The generation of all three types use source imagery from sensors with the image orientations and a ground reference. The photogrammetric equations used are the same, but the pixels used to represent the ground is different. The three types differ in their properties and the methods by which they are created. 

Dynamic orthos can be created within ArcGIS, once image orientation is provided (either by direct georeferencing or through aerial triangulation) and a Digital Terrain Model is chosen as the reference surface. ArcGIS can orthorectify the images on-the-fly to form a virtual orthomosaic that can be viewed on a map.  Such “dynamic orthos” show the location of terrain features accurately without large computation effort or needing to persist a new dataset. Changing the view location may change the image displayed given that by default the most nadir image is displayed on top.  All the source data is maintained, so no pixels are lost in the processing, but all the source data must remain accessible. The display order of the image can be controlled. As an example, features on the north side of a building may be obscured when viewed in an image captured from the south side, but this area can be seen by accessing another image, captured from the north side of the building.  This dynamic mosaic may be used within the ArcGIS software and may also be shared using ArcGIS Image Server or ArcGIS Image for ArcGIS Online. 

In contrast to the True orthos, traditional orthomosaics are created by generating the ortho images using the best available digital terrain model. The ortho images are mosaicked together using the central portion of each image and seamlines are calculated to define the boundaries between images. The seamline placement is calculated to minimize visible changes in the image and avoid non-terrain features.  Blending is then usually applied across the seamlines to further reduce visible breaks. In ArcGIS such orthomosaics are generated by adding seamlines on the dynamic ortho and then persisting the output to an orthomosaic stored as a raster dataset or as tile cache for efficient serving.  The fact that only the required parts of each image are processed makes this a very efficient process, and the product can be easily reviewed for visual quality and spatial accuracy prior to creating the orthomosaic.  The resulting orthomosaic uses less disk space to store, and does not require on-the-fly computation. 

Orthomosaics provide accurate locations for features on the ground, while above-ground features such as buildings and trees will appear to lean away from the camera and may not be in their correct horizontal location. Such orthomosaics are well suited for many applications, where only ground features need to be correctly placed and there are few buildings or objects that create occlusions (hidden areas).
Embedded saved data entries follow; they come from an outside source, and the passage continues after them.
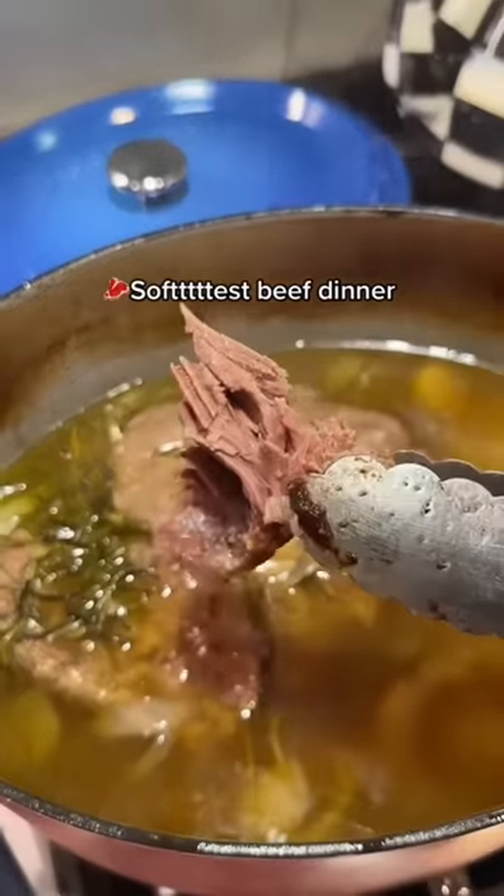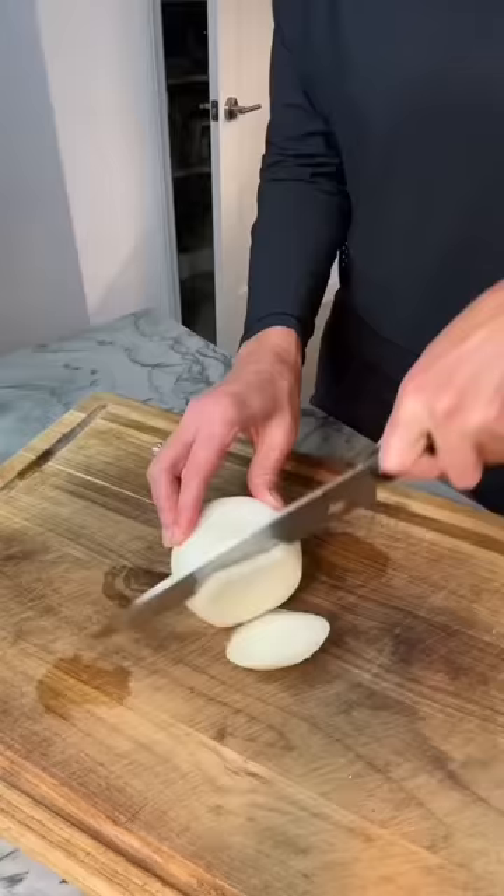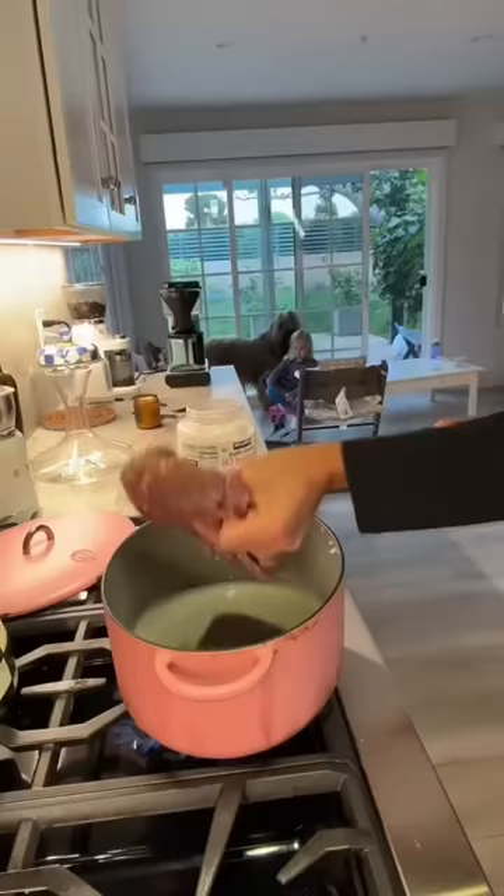I'm feeling lazy, so I make this soft beef soup. It's so good and so nourishing, especially during the cold months. It's super easy and takes hardly any ingredients.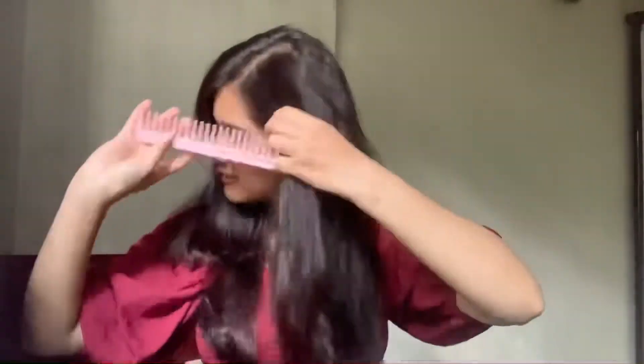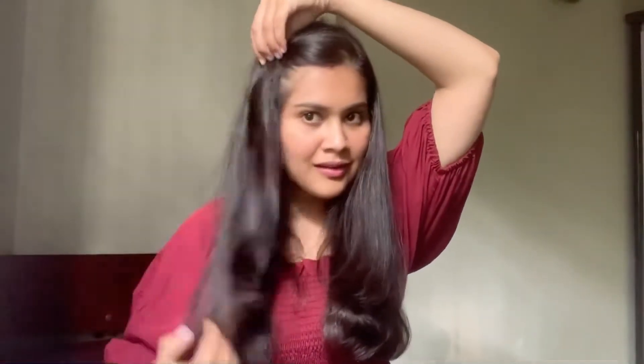Let's go to our next hairstyle. We will do the first partition. You want to add one pin, then another pin, and then two clips.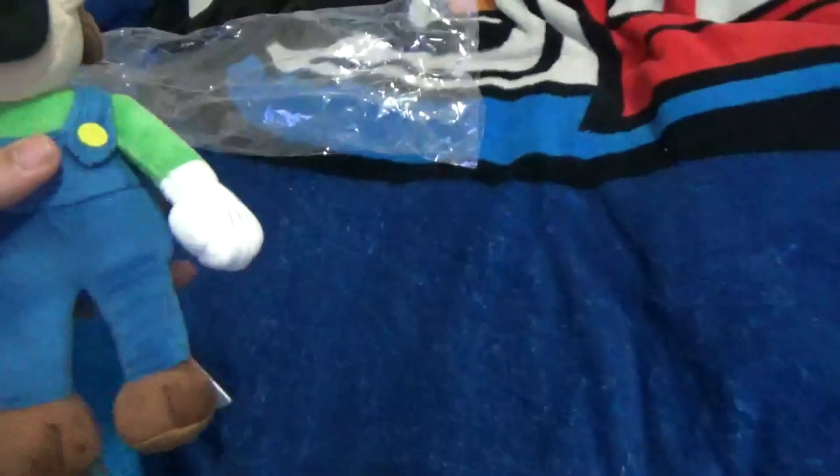It is a Japanese tag. I might get an all-star Mario to replace it. I heard the all-star package — I finally got it. Let's get it out of the package. It actually feels comfortable. Luigi all-star, officially licensed by Nintendo — really cool plush. I'll be comparing it to Mario.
Building lean can be mitigated by using longer focal length cameras or having higher overlaps. Artifacts resulting from suboptimal seamline selection can be corrected through manual editing. The computation is efficient because detailed depth information (or surface model) does not need to be extracted from the images. This makes the orthomosaics well suited for applications that focus on terrain features such as agriculture and environmental monitoring. Orthomosaics are not well suited to urban areas with tall buildings or where buildings are closer together.  If change detection analysis is applied to two orthomosaics from different dates, many false changes may be identified, simply due to change in perspective of the cameras for non-terrain features.

For a “True ortho”, everything in the output image is viewed from directly above. The name indicates that the result is truly orthographic at every pixel.  Buildings no longer lean or obscure the ground, and the facades are no longer visible.  This is achieved by first creating a very detailed digital surface model (DSM) – for example from Dense Image matching on well overlapping imagery using pixel-wise stereo.  Subsequently, this very detailed surface is used to generate an output ortho image by blending source image pixels rectified in their position given their pixel-accurate elevation. As every pixel from every image can be correctly located, the redundancy can be used to remove inconsistent information – such as moving objects like cars or solar reflections. The multiple views also enable the resolution and radiometry to be improved. 

The major benefit of a True ortho is that it is free of occlusions caused by building lean, and every pixel is correctly located. This makes it ready for measurements and consistent in location with other geospatial information or subsequent image captures. Furthermore, automation is higher since no breakline or seamline editing needs to be considered. Higher image overlap is recommended for optimal results – for nadir images, 80% forward overlap and at least 60% side overlap – in order to minimize gaps in the DSM and achieve a high-fidelity True ortho. The benefits of True orthos are the very consistent results and high geometric accuracy, enabling simplified change detection. The disadvantage is that it is computationally more expensive and input orientation needs to be very accurate, requiring aerial triangulation – so the True ortho takes longer to create and therefore is less suitable for applications demanding rapid turnaround such as emergency response. 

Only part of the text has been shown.